Apple - Catalina Upgrade Cannot Delete Relocated Items

As this questi9on has had over 1k views, it seems it is a common issue. Therefore, I thought I would outline what I did to get it resolved in case others find it useful.

When I first tried to remove the link, I was told the operation was not permitted. Looking at the link, I could see it was owned by 'root' and in the 'wheel' group. I therefore then tried to remove it with sudo i.e.

sudo unlink X11

This failed with the same error. I also tried

sudo rm -rf X11

but this also failed with the same error. I then posted here asking for help and @Danijel-JamesW added a comment with a link to a useful article which provided some background on the new security features initially introduced in the previous version of macOS, but extended in Catalina. One of the things this article highlights is that some applications, like terminals and editors (in my case Emacs), need to have the full disk access privilege. Without this privilege, you will often get operation not permitted errors in unexpected locations/situations. Unfortunately, this was not the issue in my case. My terminal app ( had the necessary permissions. However, the article did indicate that you could also get around the operation not permitted error by disabling SIP (System Integrity Protection). This was going to be my next move. However, in the end it was not necessary.

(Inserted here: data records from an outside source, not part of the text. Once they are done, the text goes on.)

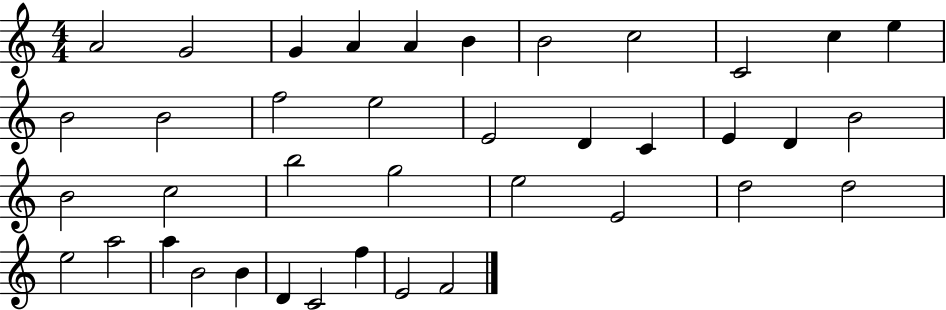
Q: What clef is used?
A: treble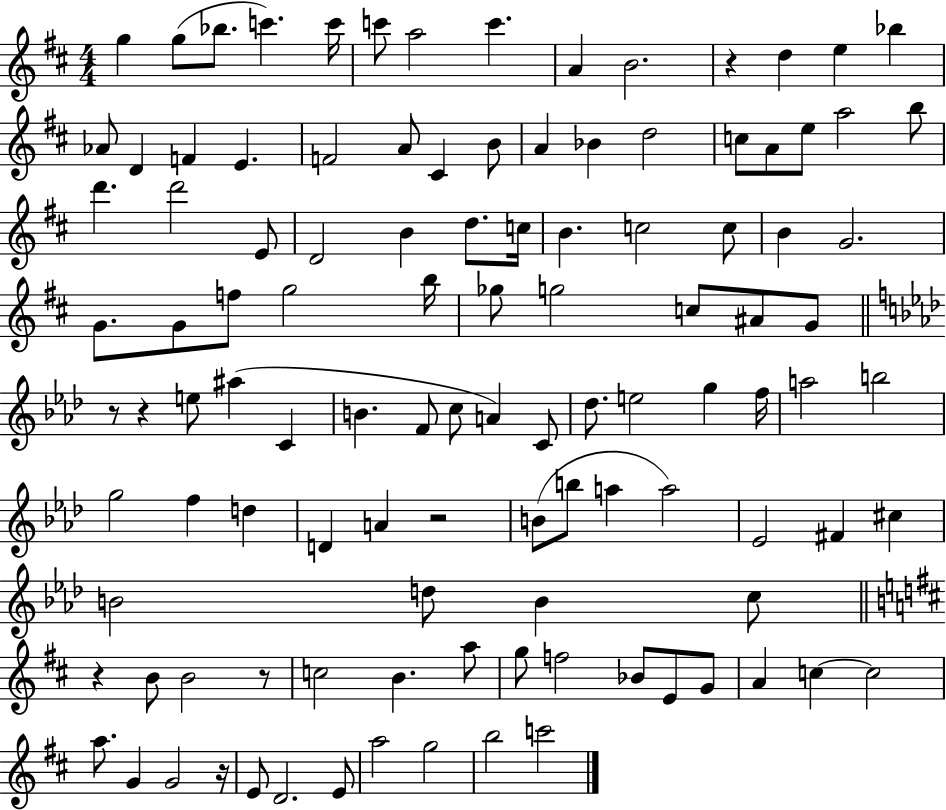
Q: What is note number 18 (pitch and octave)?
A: F4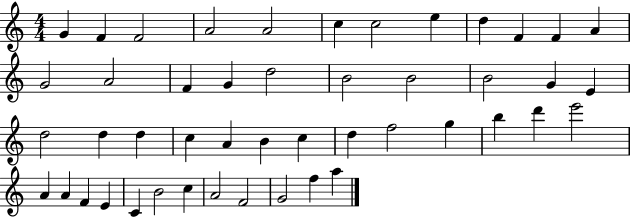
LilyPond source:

{
  \clef treble
  \numericTimeSignature
  \time 4/4
  \key c \major
  g'4 f'4 f'2 | a'2 a'2 | c''4 c''2 e''4 | d''4 f'4 f'4 a'4 | \break g'2 a'2 | f'4 g'4 d''2 | b'2 b'2 | b'2 g'4 e'4 | \break d''2 d''4 d''4 | c''4 a'4 b'4 c''4 | d''4 f''2 g''4 | b''4 d'''4 e'''2 | \break a'4 a'4 f'4 e'4 | c'4 b'2 c''4 | a'2 f'2 | g'2 f''4 a''4 | \break \bar "|."
}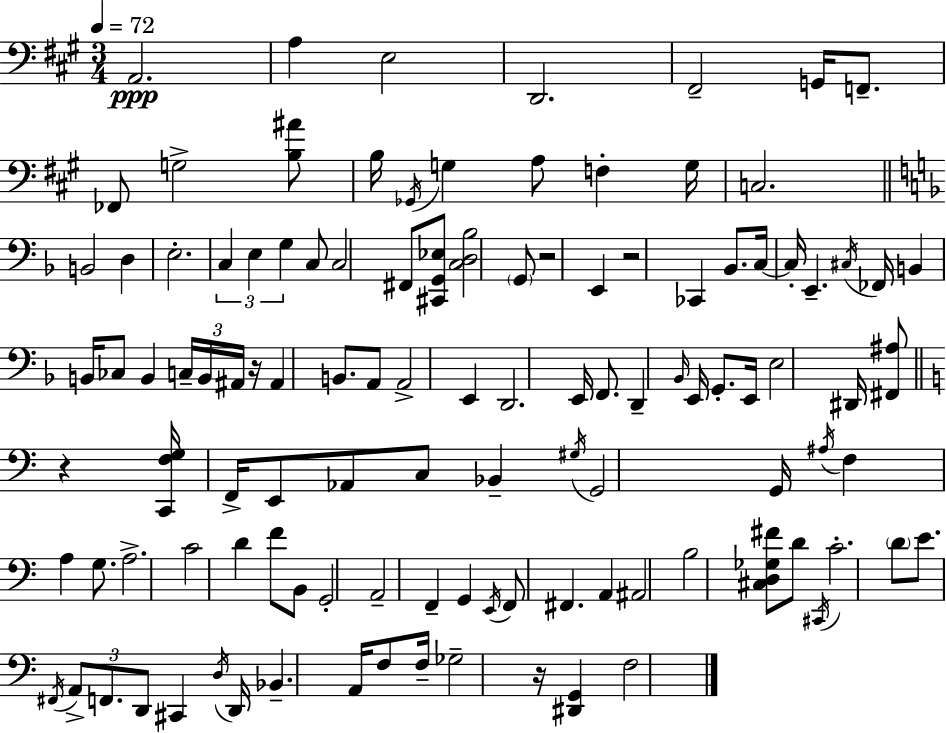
A2/h. A3/q E3/h D2/h. F#2/h G2/s F2/e. FES2/e G3/h [B3,A#4]/e B3/s Gb2/s G3/q A3/e F3/q G3/s C3/h. B2/h D3/q E3/h. C3/q E3/q G3/q C3/e C3/h F#2/e [C#2,G2,Eb3]/e [C3,D3,Bb3]/h G2/e R/h E2/q R/h CES2/q Bb2/e. C3/s C3/s E2/q. C#3/s FES2/s B2/q B2/s CES3/e B2/q C3/s B2/s A#2/s R/s A#2/q B2/e. A2/e A2/h E2/q D2/h. E2/s F2/e. D2/q Bb2/s E2/s G2/e. E2/s E3/h D#2/s [F#2,A#3]/e R/q [C2,F3,G3]/s F2/s E2/e Ab2/e C3/e Bb2/q G#3/s G2/h G2/s A#3/s F3/q A3/q G3/e. A3/h. C4/h D4/q F4/e B2/e G2/h A2/h F2/q G2/q E2/s F2/e F#2/q. A2/q A#2/h B3/h [C#3,D3,Gb3,F#4]/e D4/e C#2/s C4/h. D4/e E4/e. F#2/s A2/e F2/e. D2/e C#2/q D3/s D2/s Bb2/q. A2/s F3/e F3/s Gb3/h R/s [D#2,G2]/q F3/h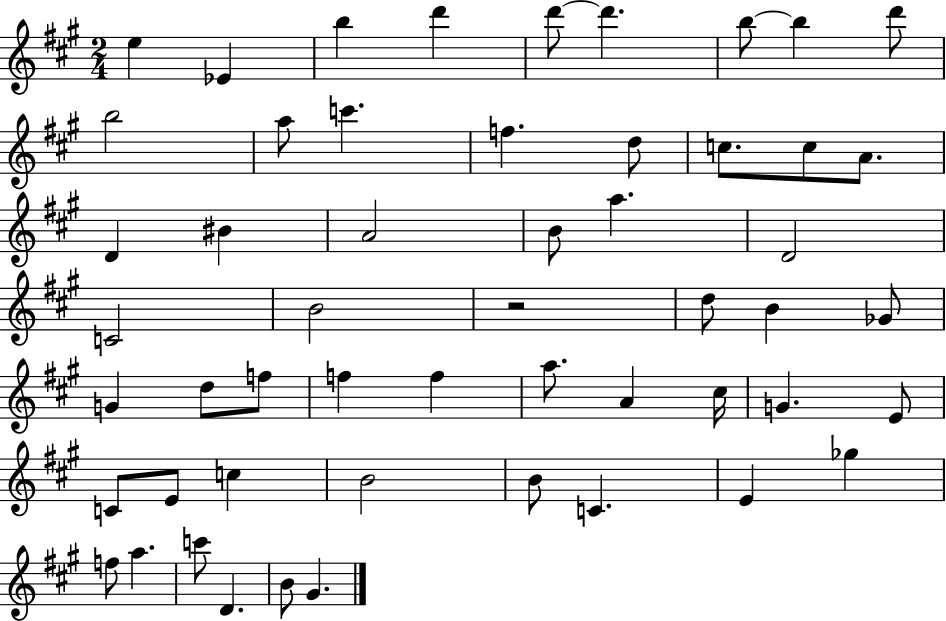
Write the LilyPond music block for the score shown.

{
  \clef treble
  \numericTimeSignature
  \time 2/4
  \key a \major
  e''4 ees'4 | b''4 d'''4 | d'''8~~ d'''4. | b''8~~ b''4 d'''8 | \break b''2 | a''8 c'''4. | f''4. d''8 | c''8. c''8 a'8. | \break d'4 bis'4 | a'2 | b'8 a''4. | d'2 | \break c'2 | b'2 | r2 | d''8 b'4 ges'8 | \break g'4 d''8 f''8 | f''4 f''4 | a''8. a'4 cis''16 | g'4. e'8 | \break c'8 e'8 c''4 | b'2 | b'8 c'4. | e'4 ges''4 | \break f''8 a''4. | c'''8 d'4. | b'8 gis'4. | \bar "|."
}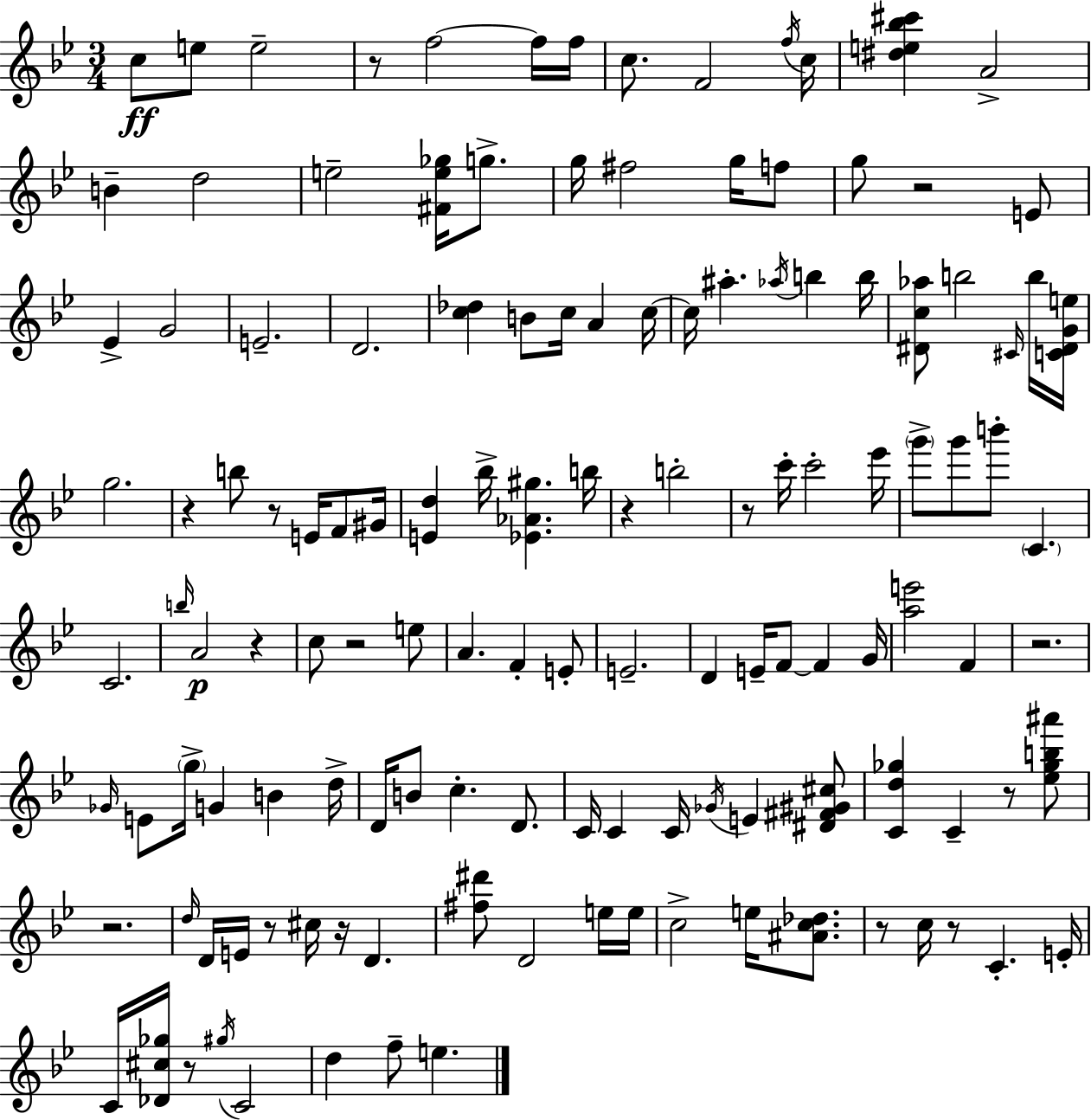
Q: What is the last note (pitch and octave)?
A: E5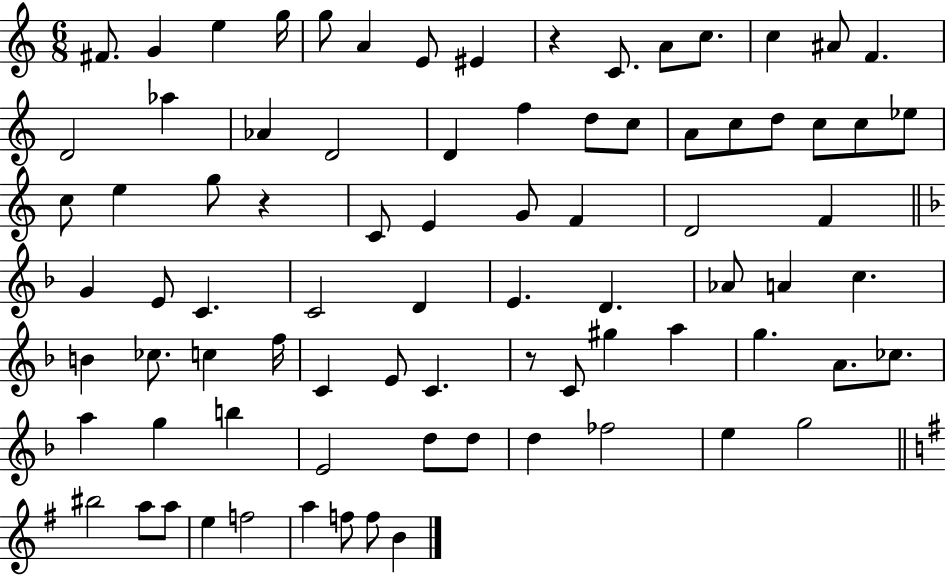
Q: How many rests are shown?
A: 3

Thanks to a comment from @user3439694 I found out that you can boot into recovery mode and use the terminal to delete the file. THis is what I did

  1. Boot holding down commmand + R
  2. Click on Utilities and select Terminal from the top menu
  3. Enter rm -rf /path/to/file/to/remove
  4. Reboot

This solved my issue. One important thing to note is that working in the recovery terminal is powerful and potentially dangerous. You need to make sure you are deleting what you mean to delete. To be extra safe, instead of immediately issue the rm command, you can use ls -l to make sure you have the correct file or directory and then hit the up arrow to bring back the command from the history, move to the beginning of the line, remove the ls -l and type rm -rf, leaving the path unmodified following the rm -rf. Note also that the -r means recursive and -f means force - very powerful and dangerous. It will essentially remove everything from the point specified in the path downwards i.e. all sub directories and files. So, if you get that path wrong, you may end up deleting much more than you expected to. In my case, the path I needed was

/Volumes/Macintosh\ HD\ -\ Data/Users/tim/Desktop/Relocated\ Items

my login account is 'tim'. the '\ ' are needed to escape the spaces in the path. Most systems will have the path starting with /Volume, but the drive name may differ (i.e. Macintosh HD). the '- Data' is fairly standard.

Anyway, this fixed the issue and those irritating files are now gone and my Desktop folder is clean (for now!).

I used the procedure found at

  • boot into Recovery Mode,
  • disable csrutil,
  • reboot,
  • delete the folder (in either the Finder or Terminal),
  • reboot into Recovery Mode,
  • re-enable csrutil; and,
  • reboot.

Four reboots (!), yes -- but so far, so good.

The issue is caused by X11 symlink which is setup by XQuartz and this points to X11 folder which is protected by Mac OSX. At some point you might have installed XQuartz and the original procedure is to uninstall XQuartz and reinstall XQuartz after Catalina upgrade.

In my case, I had installed XQuartz via homebrew cask and had already upgraded to catalina. So firstly, uninstall XQuartz.

$ brew cask ls
$ brew cask remove xquartz
  • now restart your mac
  • hold "cmd + r" (you can release the keys after a few seconds just after apple logo appears with the progress bar)
  • now you are in recovery mode
  • select from the top menu utilities > terminal
  • enter the following to disable apple secure integrity
$ csrutil disable       # this disables apple secure integrity tool 
  • close the terminal
  • select from the top menu restart and wait for normal boot into your account
  • now you can delete the files which are stuck and bin them as usual
  • for completness, reboot into the recovery mode as above steps and in the terminal enter
$ csrutil enable       # this reenables apple secure integrity tool
  • restart and login as usual

if you are freaking out as you are being warned of deleting/binning a protected folder, you can opt to use "unlink X11" command instead to remove the symlink. this worked for me and hope it helps.

to understand or test the issue you can try the following which in the case of trying to disable system integrity results in an error

$ csrutil status
System Integrity Protection status: enabled.
$ csrutil disable
csrutil: failed to modify system integrity configuration. This tool needs to be executed from the Recovery OS.